Deux continents, deux misères
Aravind Adiga met en scène un enfant pauvre, d’une caste inférieure qui, traditionnellement, a pour mission sociale de faire le thé. Balram Halwai est un brillant élève, mais il devra interrompre ses études pour travailler, faire le thé lui aussi, pour faire vivre sa famille. Son rêve du mieux et du meilleur le poussera à quitter son village, sis sur «les rives noirâtres d’un Gange qui charrie les désespoirs de centaines de générations».

À Delhi, où il se rendra d’abord, la chance lui sourit: il fait mentir son destin et devient chauffeur pour M. Ashok, fils d’industriel indien, issu d’une caste supérieure. M. Ashok est riche et a étudié à New York, où il a rencontré son épouse, une Américaine bien née: Pinky Madam. Mais M. Ashok et Pinky Madam sont malheureux. Il déteste le sort de porte-sacoche que sa famille lui impose, réduit qu’il est à payer les partis et les ministres pour voir le business de sa famille conserver son statut. Et elle ne s’acclimate jamais à la vie de l’Inde, qui ne correspond absolument pas à ce qu’elle adorait de sa vie new-yorkaise.

Balram voit tout, saisit tout: la nouvelle vie de son pays, les nouveaux enjeux. Et il comprendra que pour devenir quelqu’un, il doit jouer selon les nouvelles règles: prendre son bien là où il est. Or, avec le contenu d’un seul des sacs que son maître livre, il pourrait. Tout. Il le prendra. Et deviendra. Il développera son entreprise de transport, à Bangalore, une des nouvelles Mecque du capitalisme oriental.

Écrit comme une longue lettre au premier ministre de Chine, qui s’apprête à visiter Bangalore, Le tigre blanc nous plonge dans un microcosme de transformations sociales et économiques. En plus de se présenter comme une confession, le livre dépeint un portrait de l’Inde actuelle tel qu’on en entend peu parler. Pas surprenant qu’il ait obtenu le prix Man Booker.

Adieu mon frère fonctionne quant à lui sur un autre mode. Si la fiction de Tigre blanc permet de dépeindre le monde évoqué de manière presque humoristique, c’est sous la forme d’un récit de vie d’une profonde tristesse qu’Edwidge Danticat nous rappelle l’Haïti de ces dernières décennies.

Entre New York et la ville haïtienne de Bel-Air, Danticat signe non seulement un récit autobiographique où la mort se joue sans cesse de la vie, mais elle nous fait marcher sur la route sombre de trente-cinq ans de déclin, pour la Perle des Antilles.
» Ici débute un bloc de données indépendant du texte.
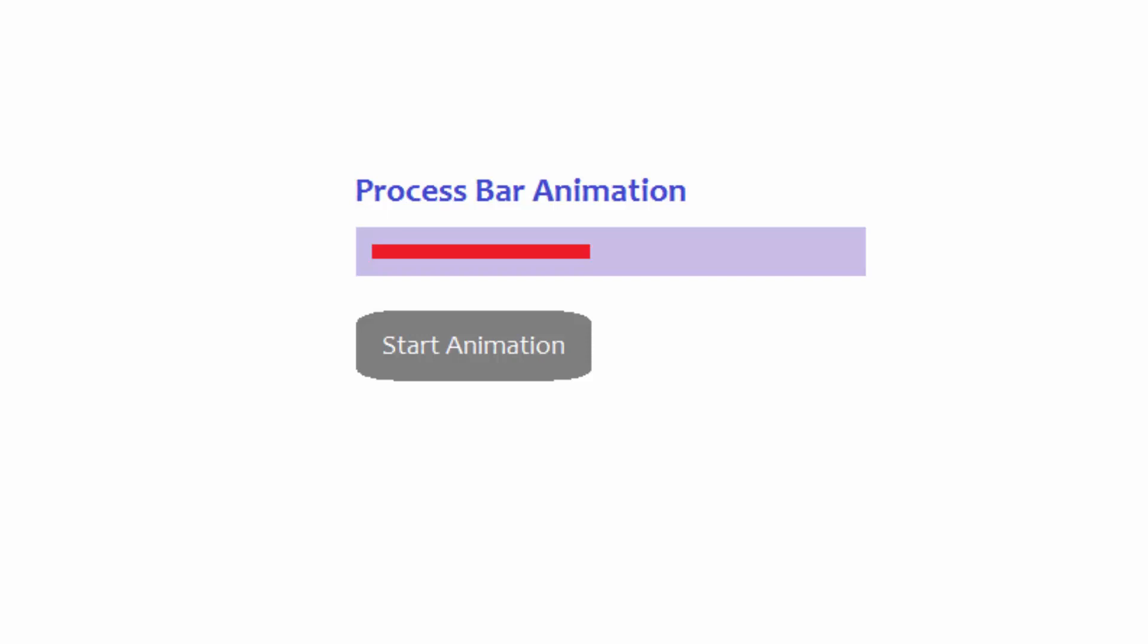Hello and welcome once again. Today I want to show you how you can make a very simple animation of a process bar. A process bar is normally used to show how a process is going on on a computer in a visual way, like in this graphic here.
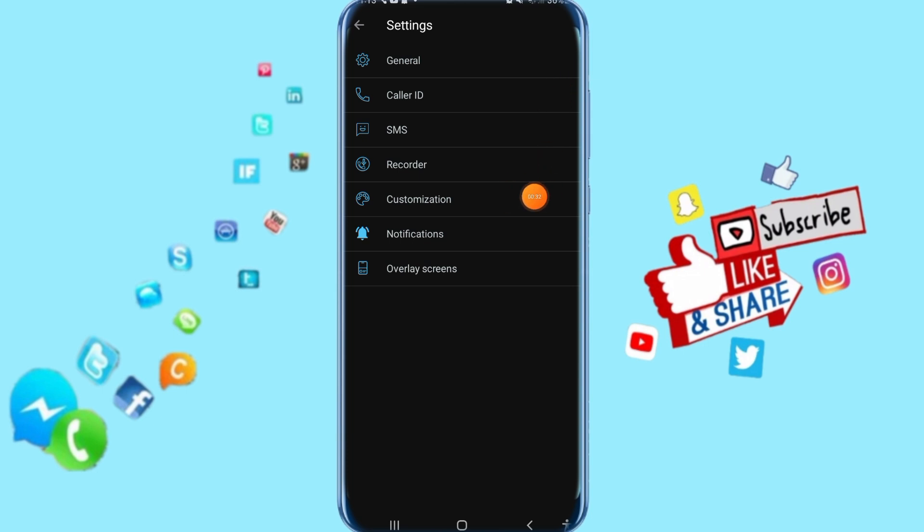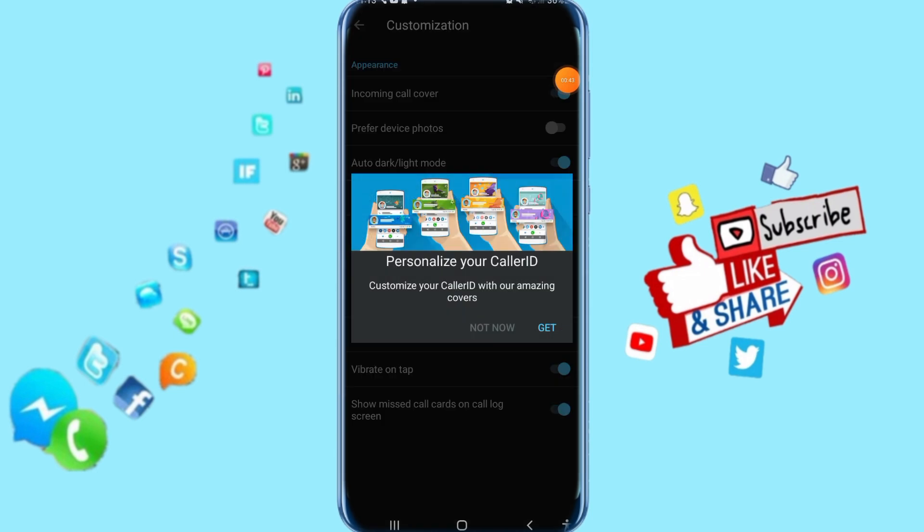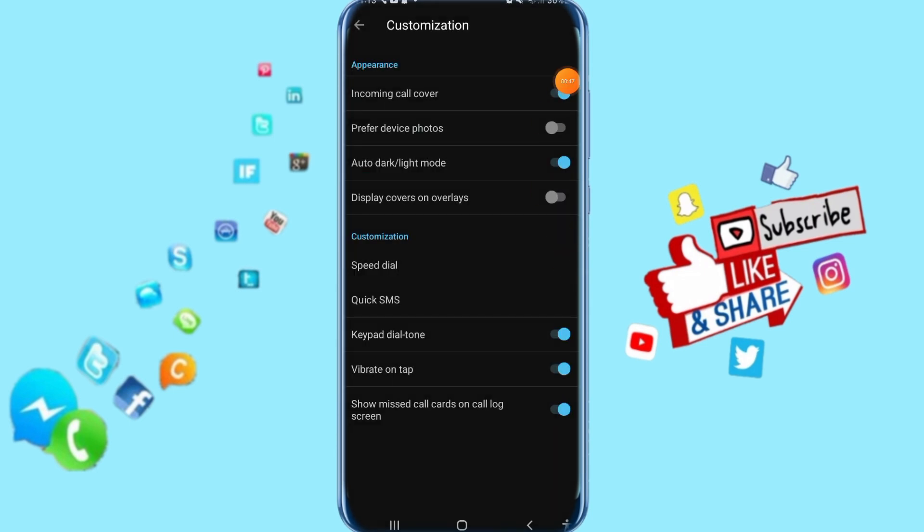Then you click here on customization, just click on it. You come to the next appear. Then you come here to incoming call over, just click on this sign like you see here.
Pour raconter la vie de sa famille, Danticat profite d’une grossesse et d’une mort annoncée pour remonter le temps. Le jour où elle apprend qu’elle est enceinte, son père reçoit la plus triste des nouvelles; celle d’une maladie incurable, qui aura bientôt raison de lui. Deux événements qui relèvent du paradis et de l’enfer, deux événements à la fois opposés et proches, cycle imparable de la vie.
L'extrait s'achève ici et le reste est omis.